_Assignment_
The listing below is to be duplicated exactly, with every picture omitted.

▬▬▬▬▬▬

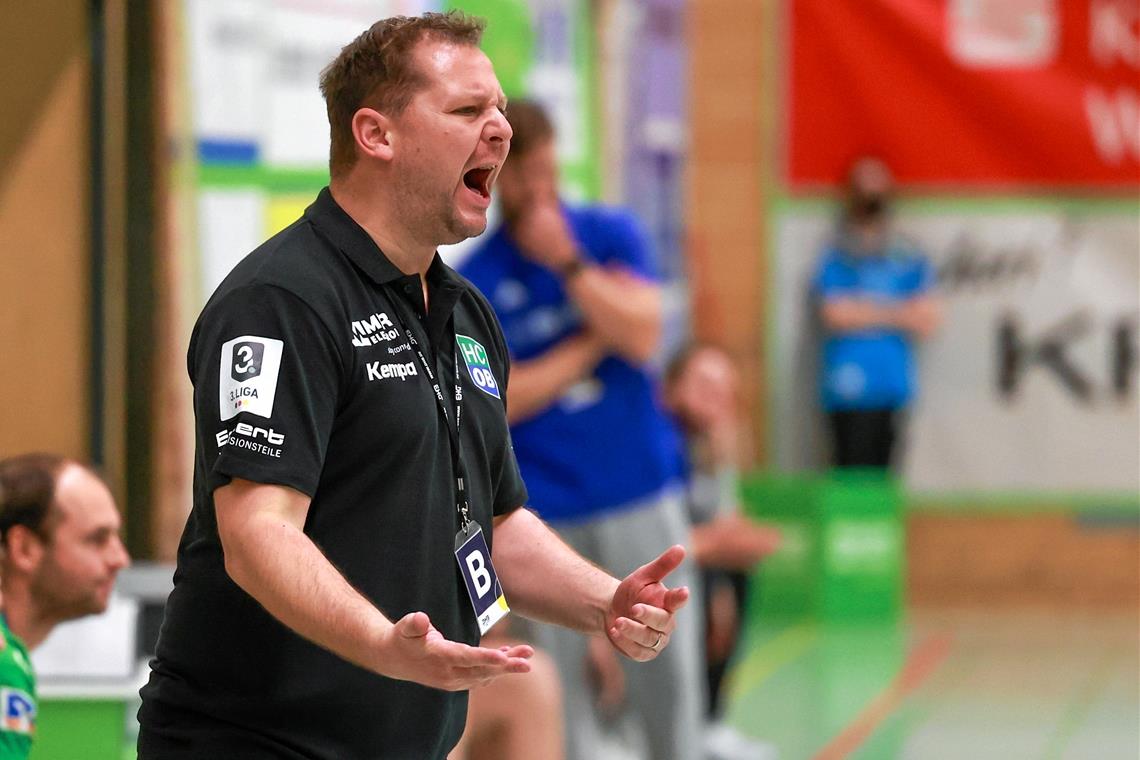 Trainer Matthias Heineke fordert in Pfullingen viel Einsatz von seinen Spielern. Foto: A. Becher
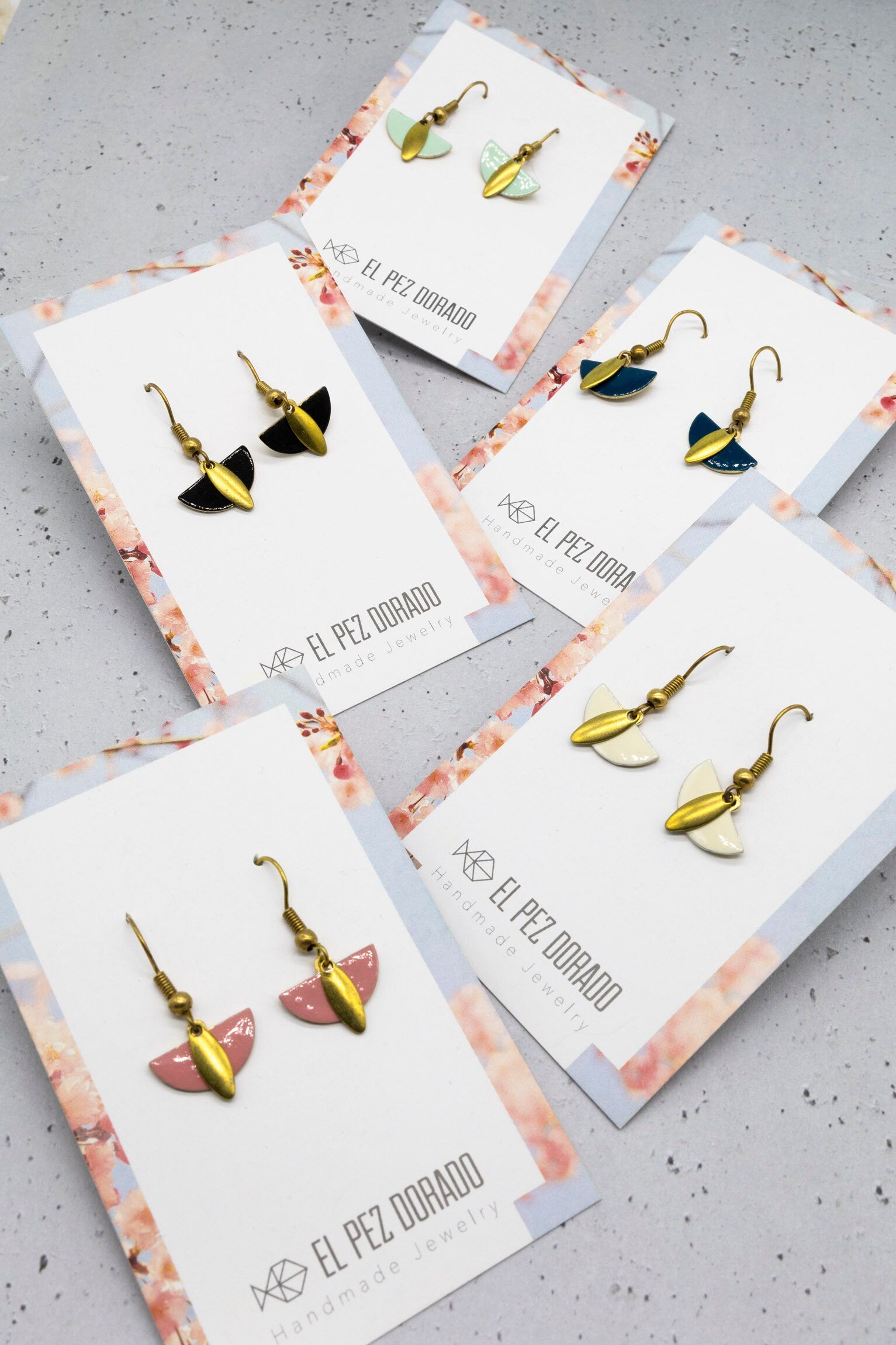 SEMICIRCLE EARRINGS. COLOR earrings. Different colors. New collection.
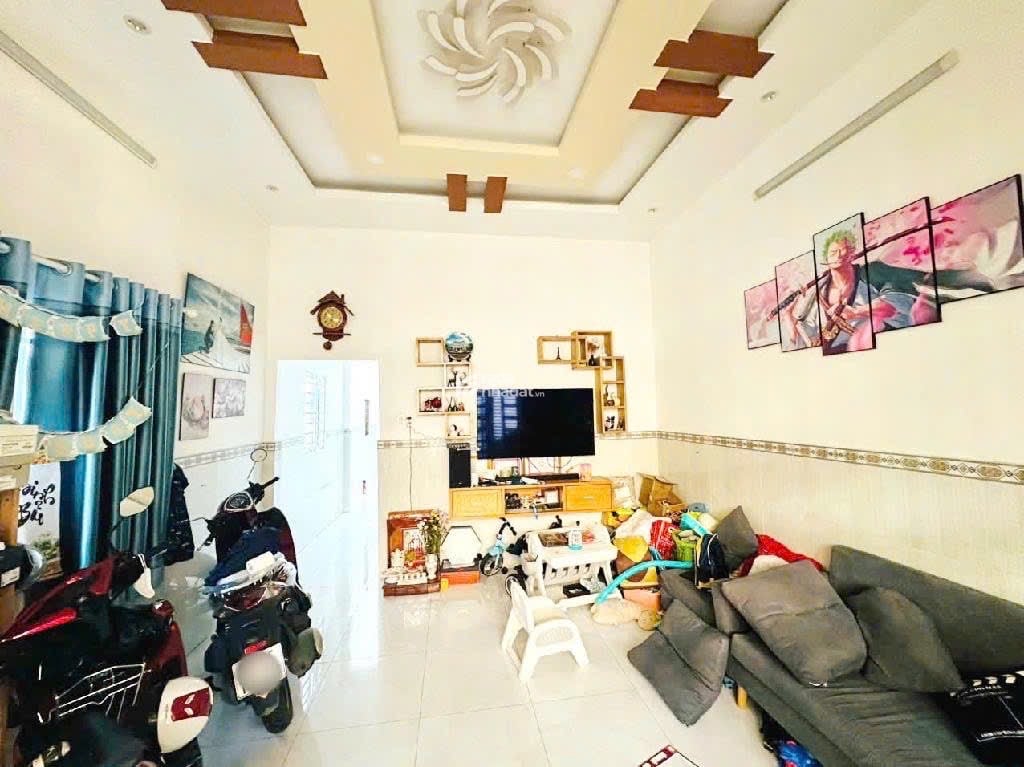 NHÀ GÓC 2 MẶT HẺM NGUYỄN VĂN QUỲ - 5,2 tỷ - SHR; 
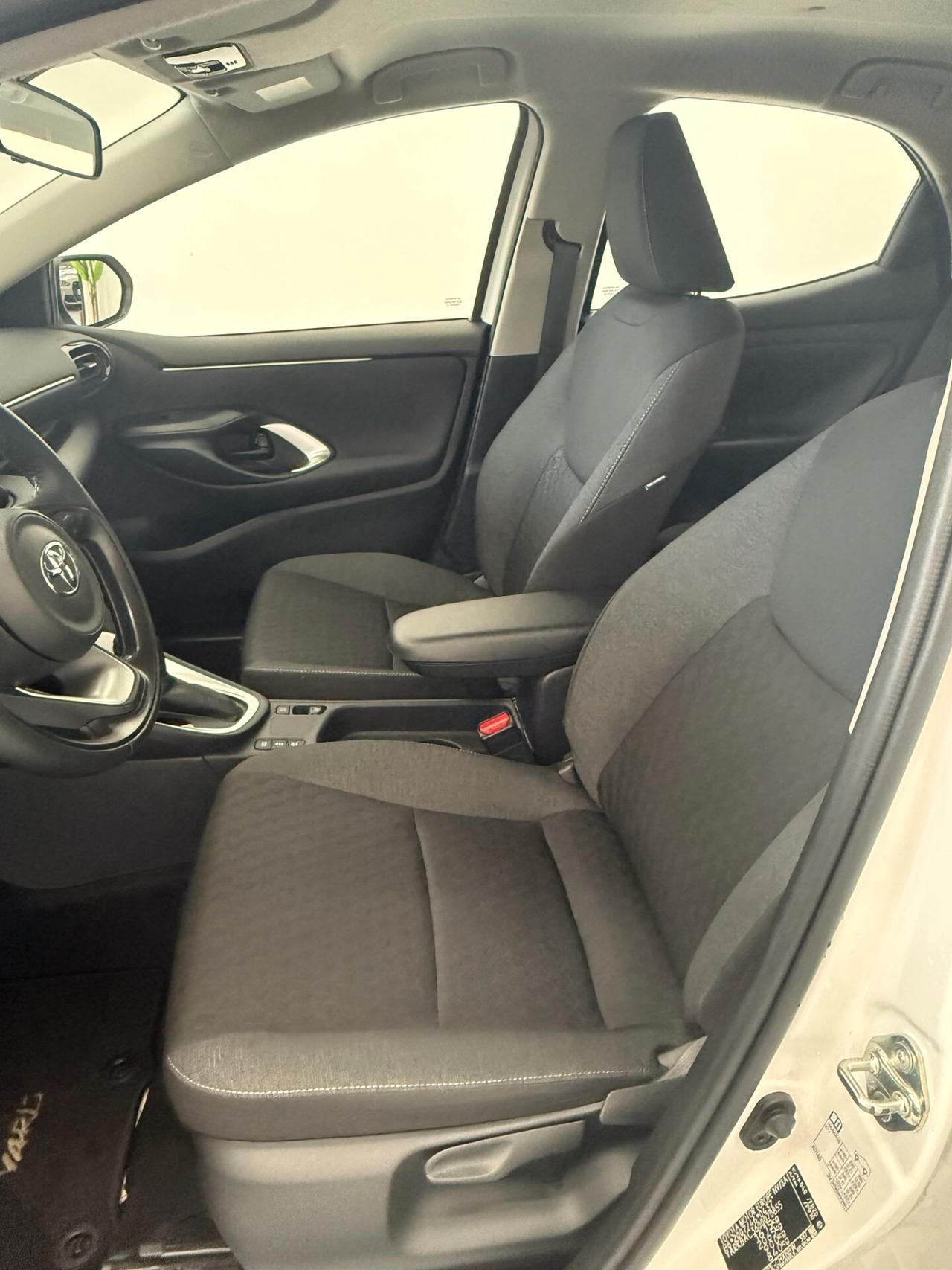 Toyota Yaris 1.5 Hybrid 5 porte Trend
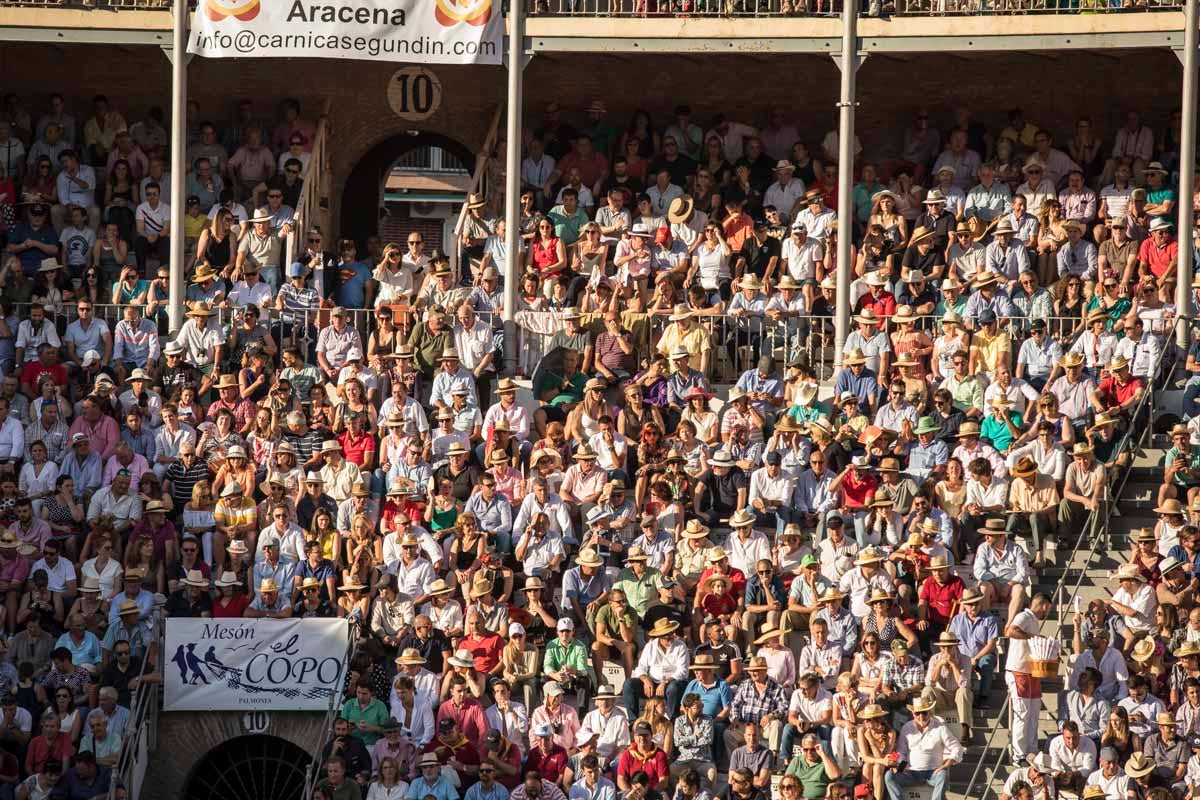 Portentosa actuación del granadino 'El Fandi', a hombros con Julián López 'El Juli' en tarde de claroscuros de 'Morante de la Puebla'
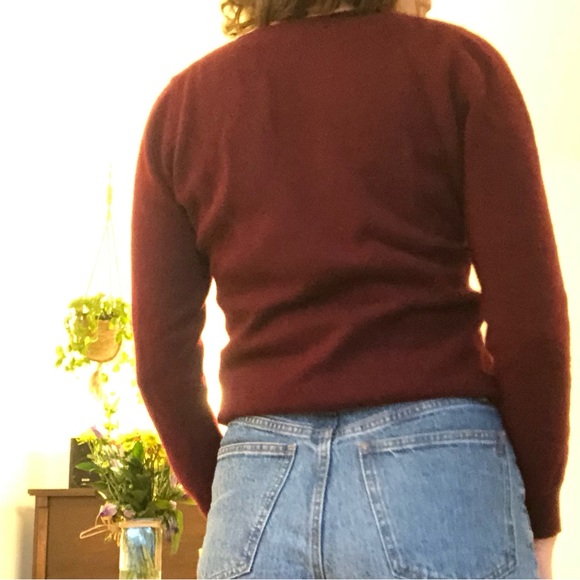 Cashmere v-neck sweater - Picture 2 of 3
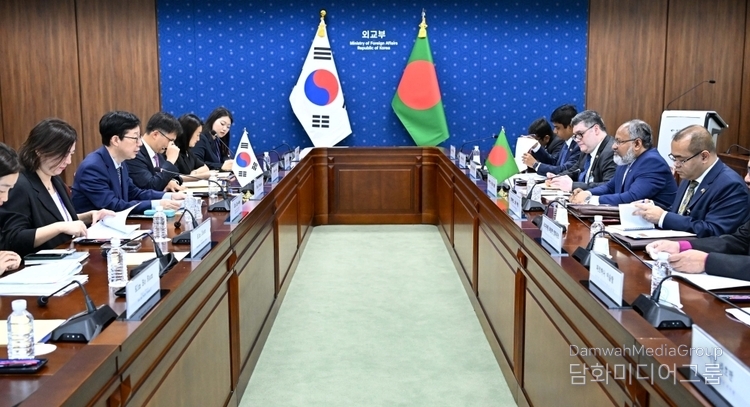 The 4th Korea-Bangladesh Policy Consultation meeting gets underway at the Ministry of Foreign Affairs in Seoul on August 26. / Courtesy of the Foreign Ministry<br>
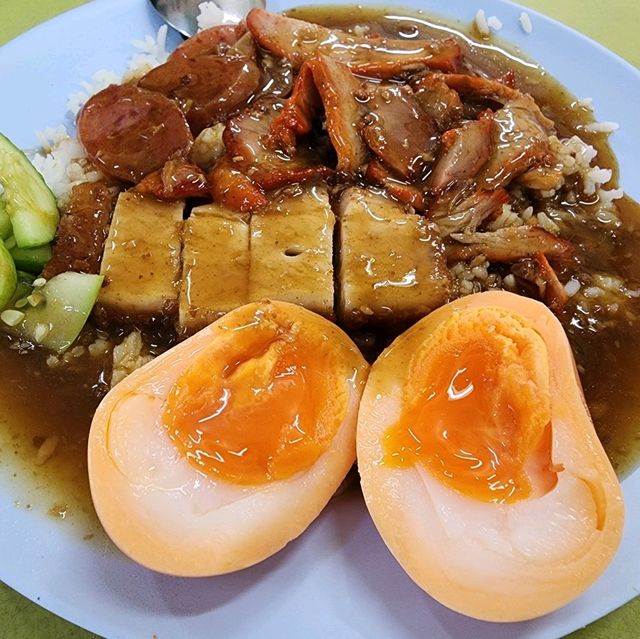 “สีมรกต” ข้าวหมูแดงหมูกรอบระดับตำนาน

▬▬▬▬▬▬

_Task output_
 Trainer Matthias Heineke fordert in Pfullingen viel Einsatz von seinen Spielern. Foto: A. Becher
 SEMICIRCLE EARRINGS. COLOR earrings. Different colors. New collection.
 NHÀ GÓC 2 MẶT HẺM NGUYỄN VĂN QUỲ - 5,2 tỷ - SHR; 
 Toyota Yaris 1.5 Hybrid 5 porte Trend
 Portentosa actuación del granadino 'El Fandi', a hombros con Julián López 'El Juli' en tarde de claroscuros de 'Morante de la Puebla'
 Cashmere v-neck sweater - Picture 2 of 3
 The 4th Korea-Bangladesh Policy Consultation meeting gets underway at the Ministry of Foreign Affairs in Seoul on August 26. / Courtesy of the Foreign Ministry<br>
 “สีมรกต” ข้าวหมูแดงหมูกรอบระดับตำนาน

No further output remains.